WORK TO COMPLETE - Would you reproduce, word for word, only the lines running from the top of the data through the line containing "AUROLA Dream Collection", and none of the pictures?

[Records from a dataset]
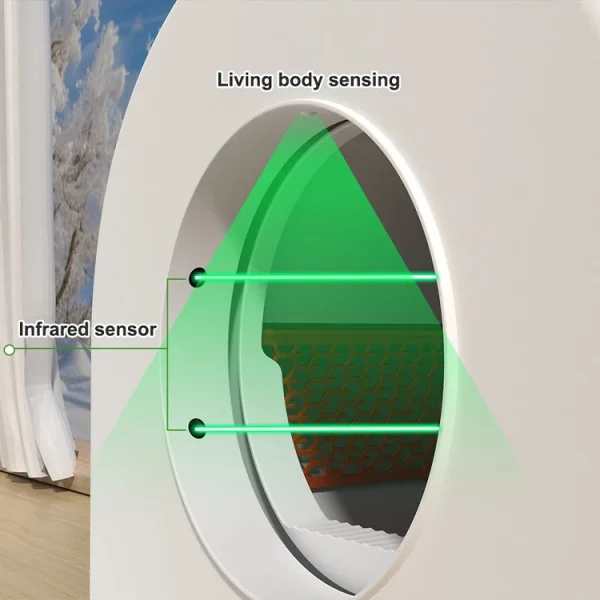 APP Control Intelligent cat Litter Box Self-cleaning 68L Large Capacity cat Litter Box Robot Automatic cat Litter Box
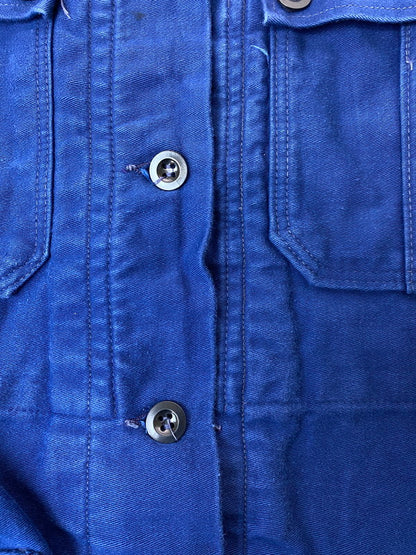 【中古品】【メンズ】 REINE BAUMWOLLE レーネ・バウムヴォレ FRENCH WORK JACKET フレンチワークジャケット 146-250623-ks-12-min サイズ：48 カラー：ブルー 万代Net店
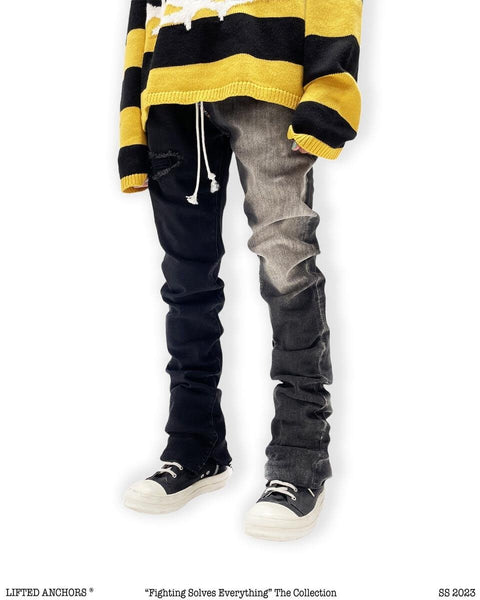 Lifted Anchors : Dress Code Stacked Flare Denim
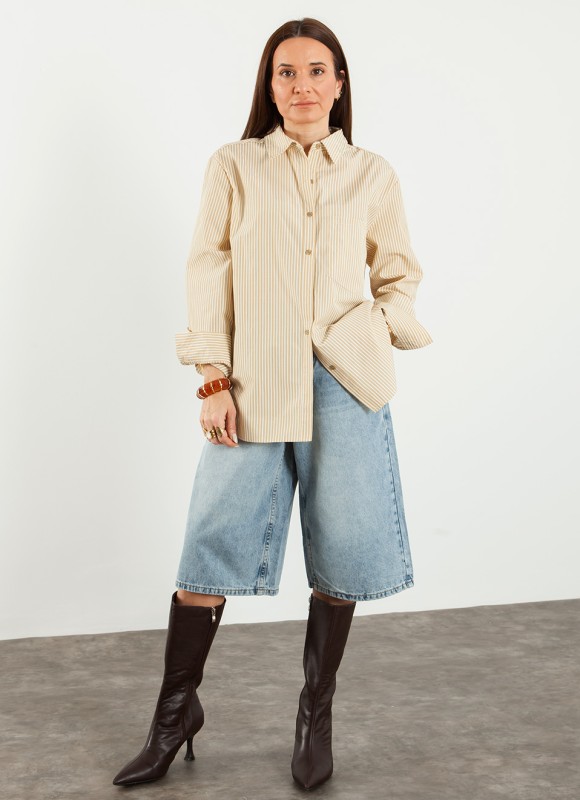 Camisa Rayas con Brillos Mujer | Moda Femenina | Premonición.online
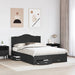 Cadru de pat cu headboard Negru 140 x 190 cm Lemn compozit - WALTI WALTI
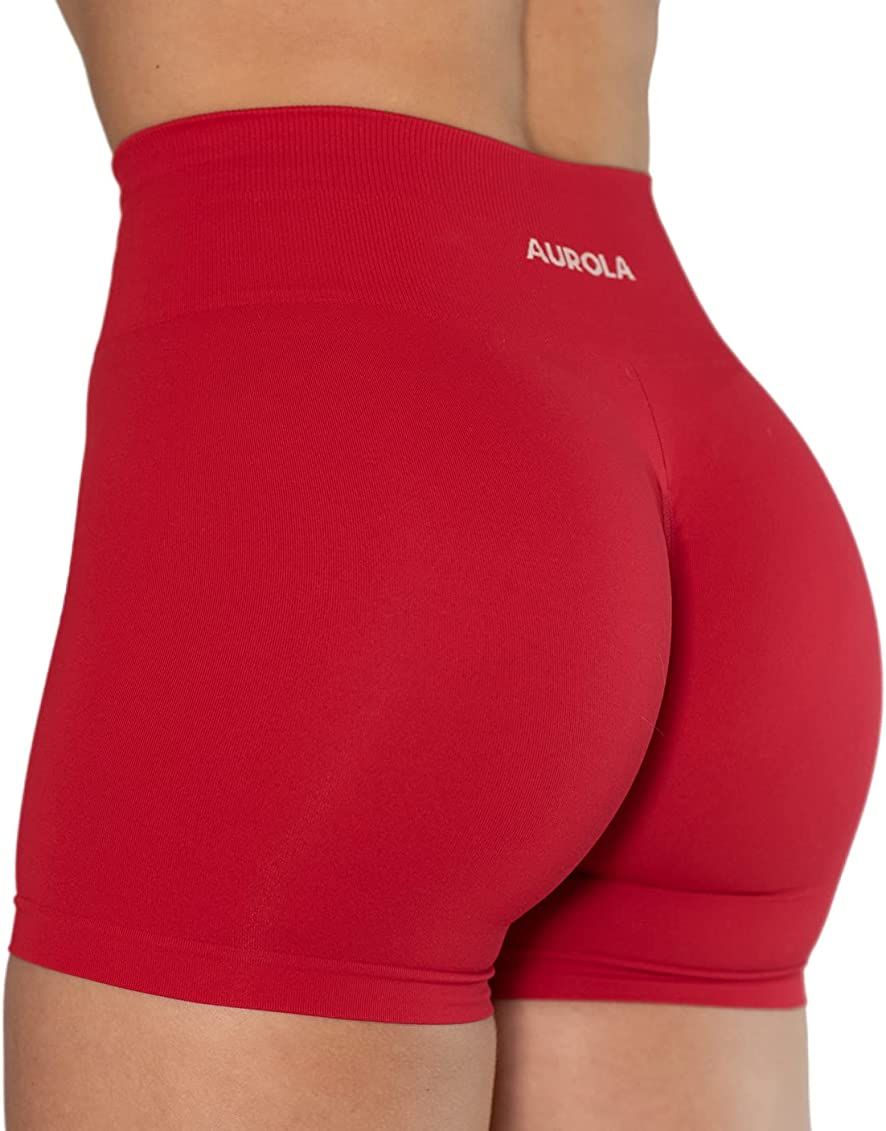AUROLA Dream Collection Workout Shorts for Women High Waist Seamless Scrunch Athletic Running Gym... | Amazon (US)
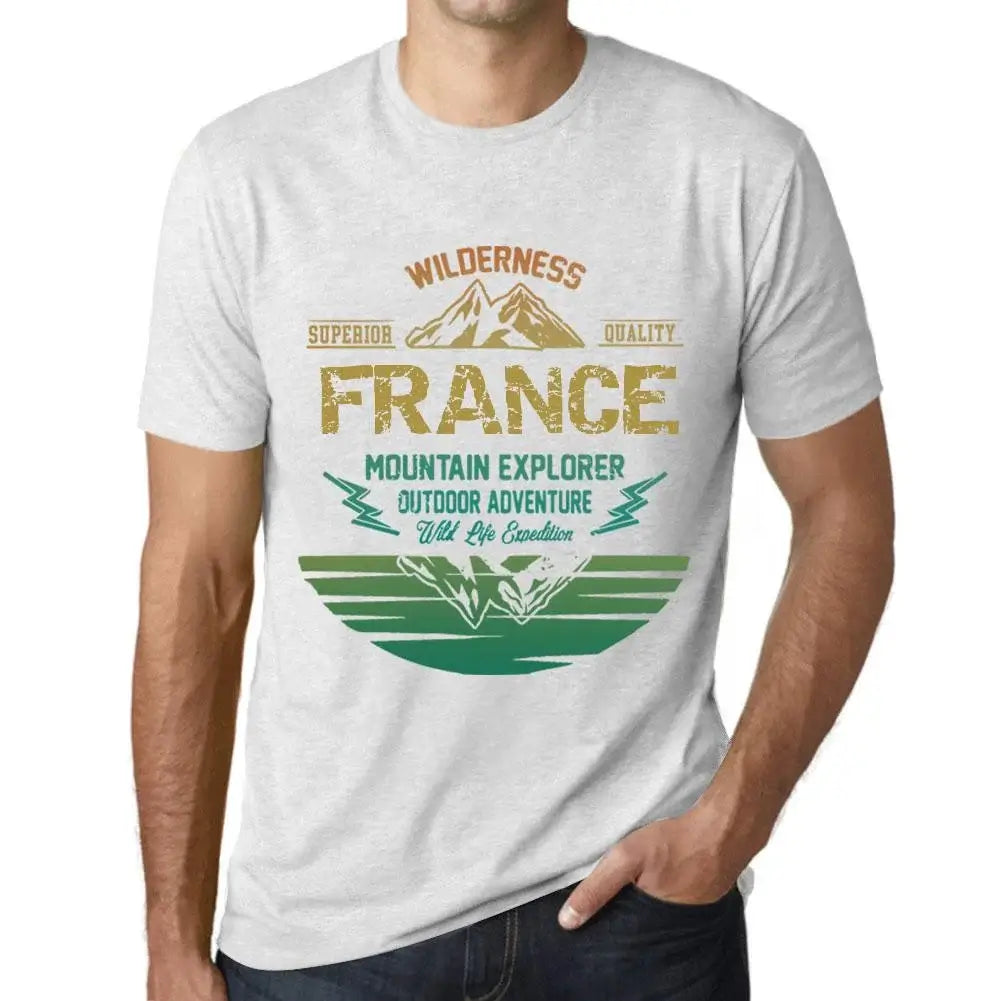 Men's Graphic T-Shirt Outdoor Adventure, Wilderness, Mountain Explorer France Eco-Friendly Limited Edition Short Sleeve Tee-Shirt Vintage Birthday Gift Novelty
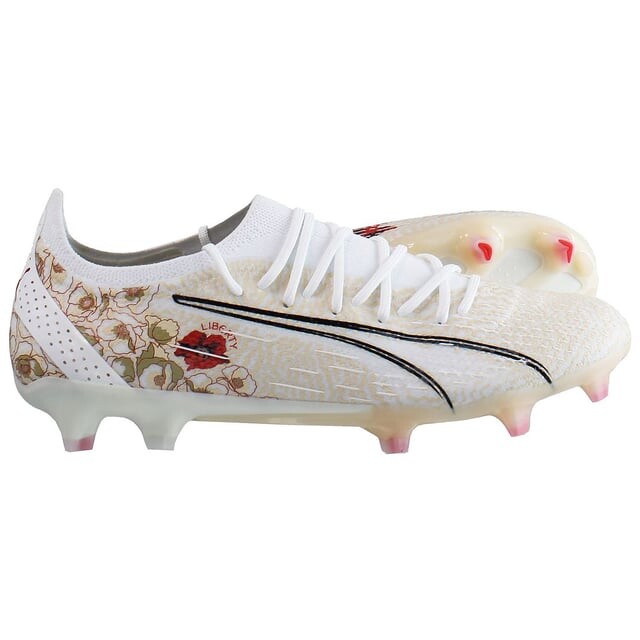 Женские футбольные бутсы X Freedom Ultra FG/AG Puma, бежевый — фото 4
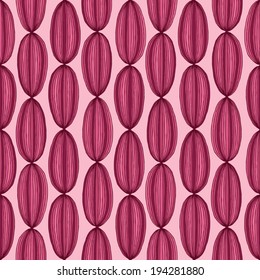Sausages seamless pattern in colors is hand drawn composition. Illustration is in eps8 vector mode, background on separate layer. 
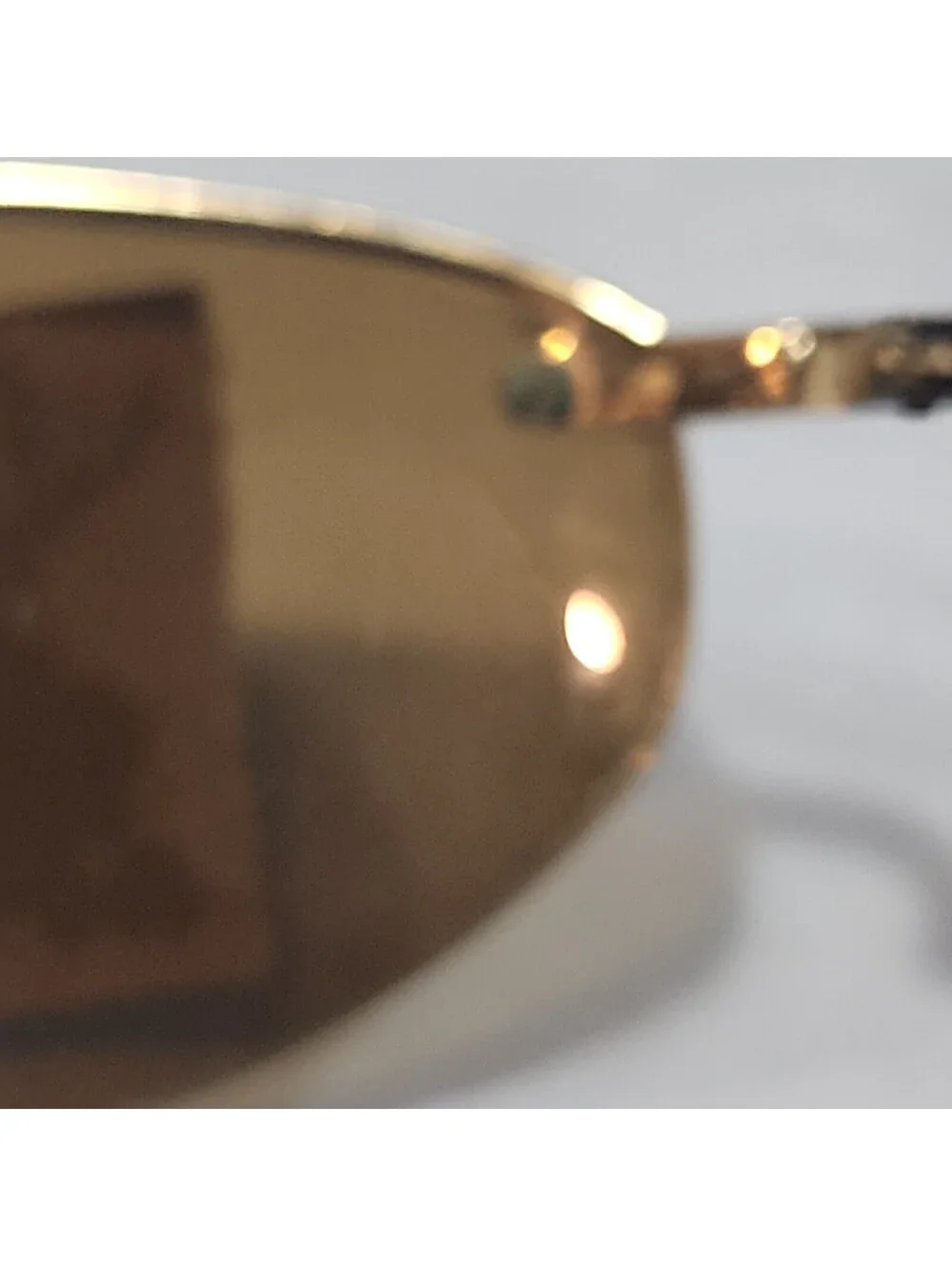 Ray Ban RB3155 001/73 NO Lenses Gold Metal Sunglasses Frame Only 57-16 Italy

RESULT OF THE TASK -
 APP Control Intelligent cat Litter Box Self-cleaning 68L Large Capacity cat Litter Box Robot Automatic cat Litter Box
 【中古品】【メンズ】 REINE BAUMWOLLE レーネ・バウムヴォレ FRENCH WORK JACKET フレンチワークジャケット 146-250623-ks-12-min サイズ：48 カラー：ブルー 万代Net店
 Lifted Anchors : Dress Code Stacked Flare Denim
 Camisa Rayas con Brillos Mujer | Moda Femenina | Premonición.online
 Cadru de pat cu headboard Negru 140 x 190 cm Lemn compozit - WALTI WALTI
AUROLA Dream Collection Workout Shorts for Women High Waist Seamless Scrunch Athletic Running Gym... | Amazon (US)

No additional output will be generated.